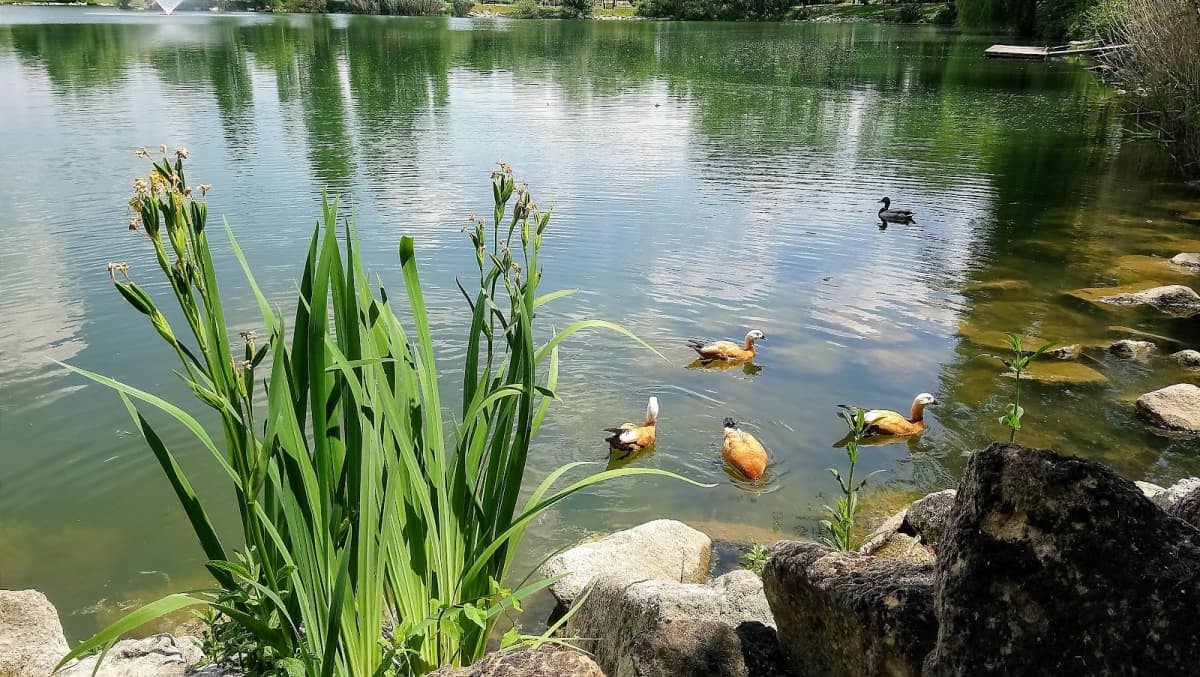 Une petite baignade ? - 9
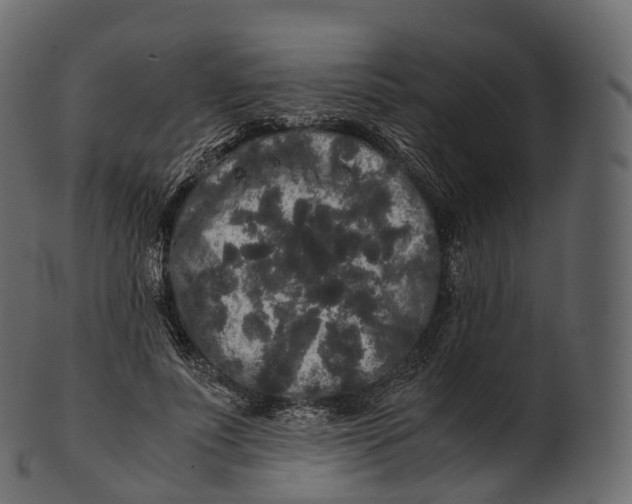 X0000100490691200807031916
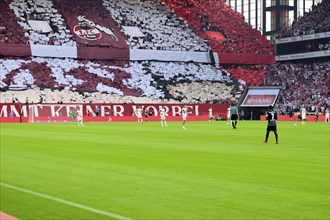 2nd Bundesliga, 1.FC Köln, HSV Hamburg on 02/08/2014 at RheinEnergieStadion in Cologne Germany .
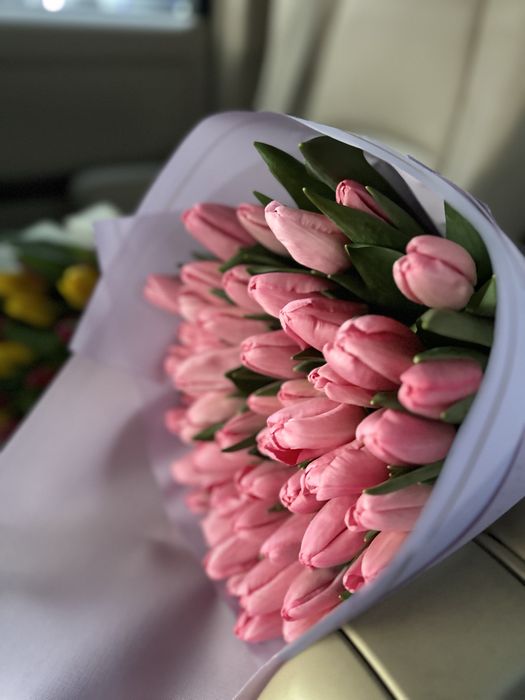 Открыт предзаказ тюльпанов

===============

- PROBLEM DETAILS -
In your reply, every line of the material should appear exactly as written, and no picture should.

- ANSWER SPACE -
 Une petite baignade ? - 9
 X0000100490691200807031916
 2nd Bundesliga, 1.FC Köln, HSV Hamburg on 02/08/2014 at RheinEnergieStadion in Cologne Germany .
 Открыт предзаказ тюльпанов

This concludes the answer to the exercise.